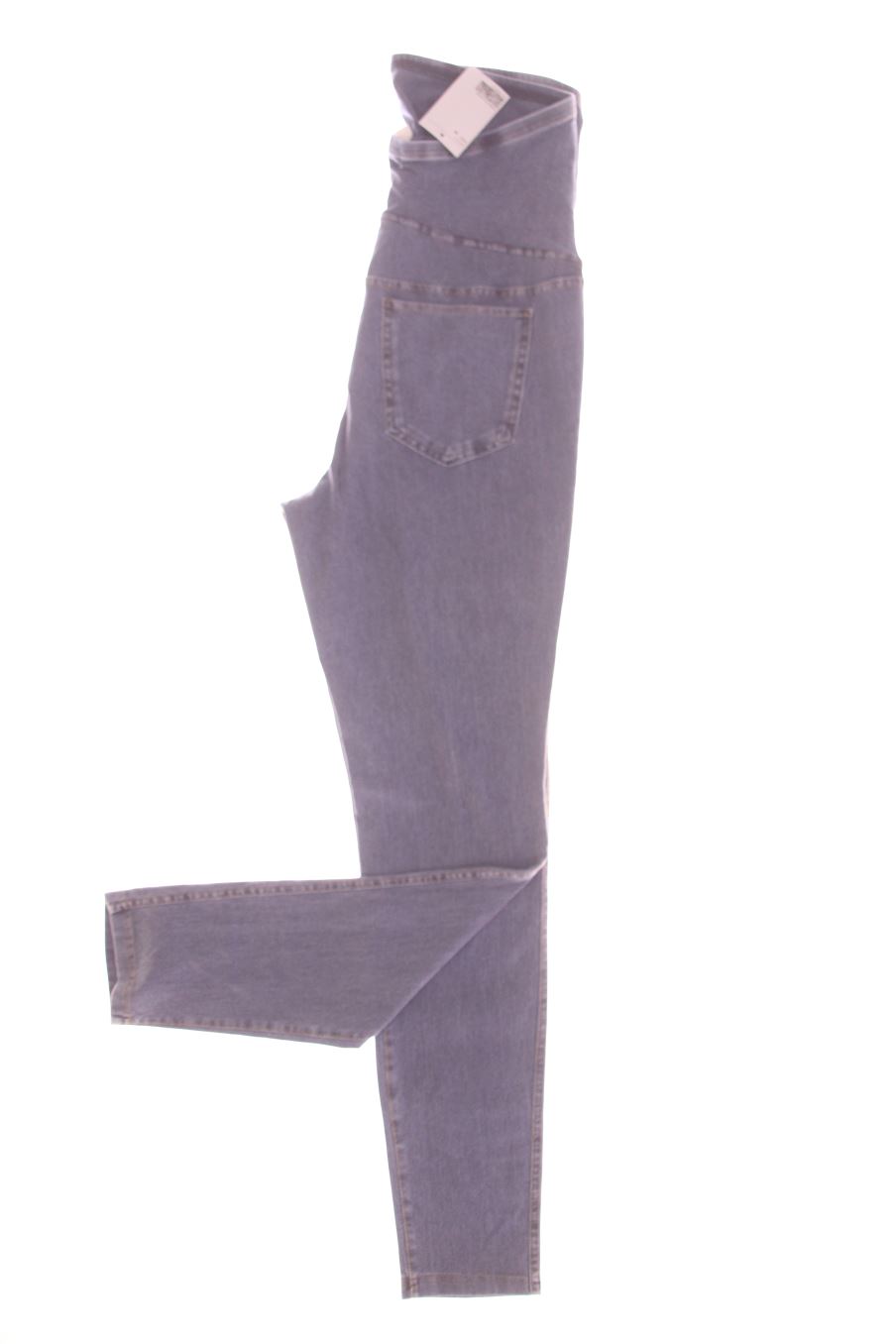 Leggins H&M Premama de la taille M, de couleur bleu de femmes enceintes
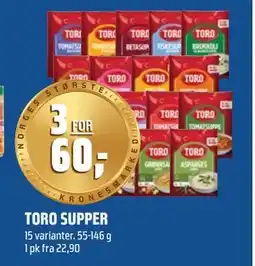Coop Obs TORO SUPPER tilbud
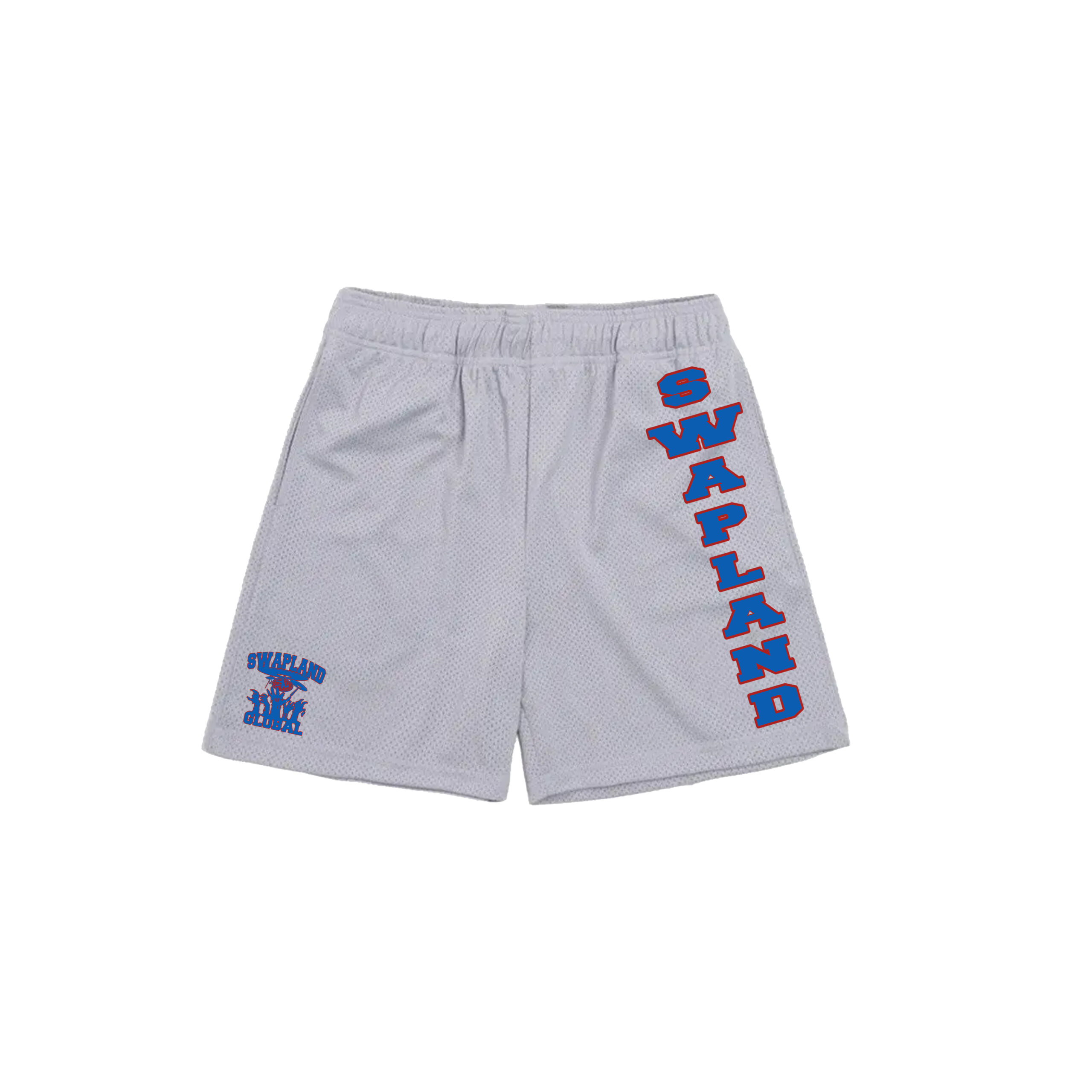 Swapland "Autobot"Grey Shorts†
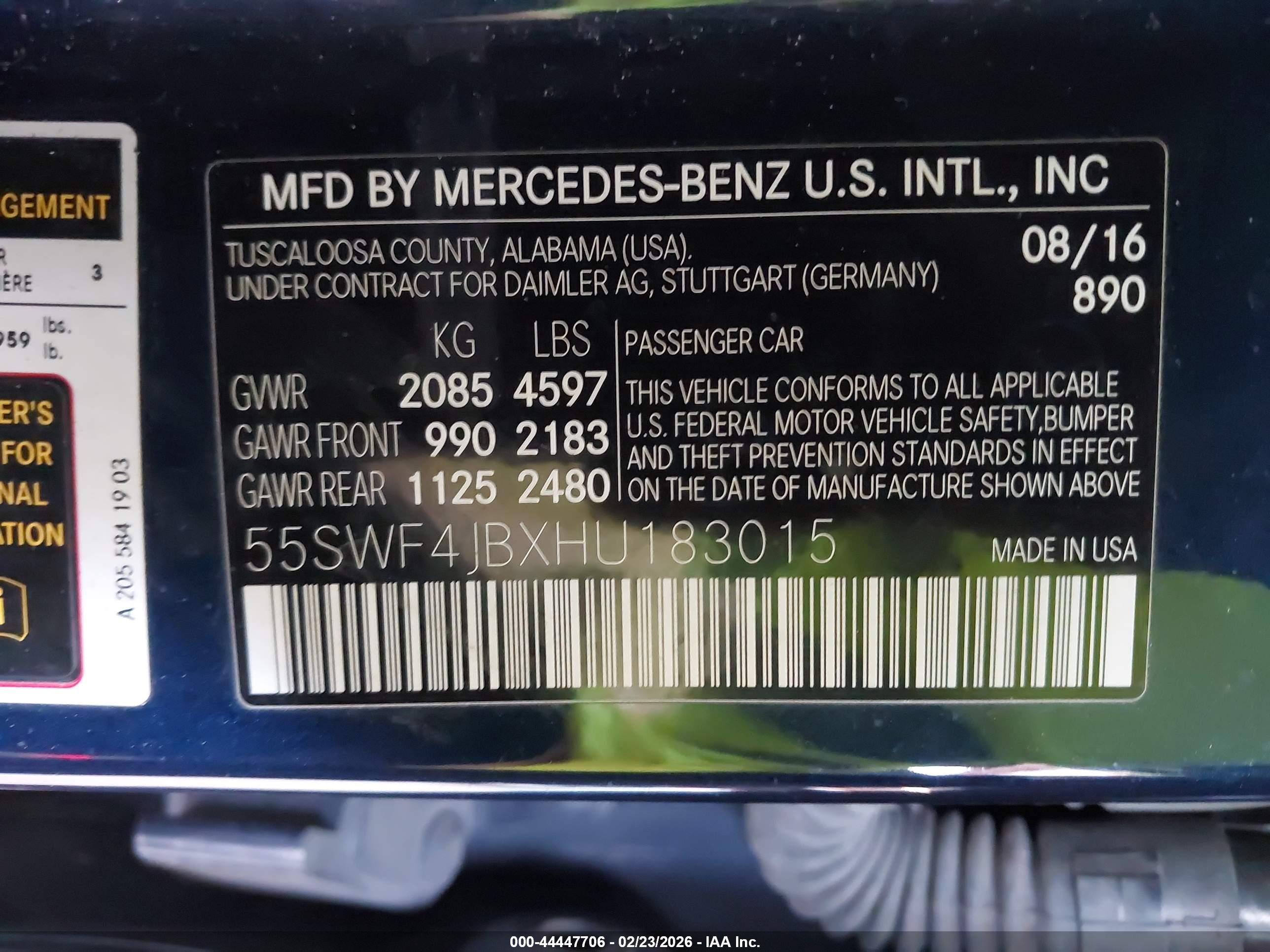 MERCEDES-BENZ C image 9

------------------------

§ **ACTION ITEM**
Would you copy all of the data exactly? Keep the pictures out of it.

§ **RESPONSE BELOW**
 Leggins H&M Premama de la taille M, de couleur bleu de femmes enceintes
Coop Obs TORO SUPPER tilbud
 Swapland "Autobot"Grey Shorts†
 MERCEDES-BENZ C image 9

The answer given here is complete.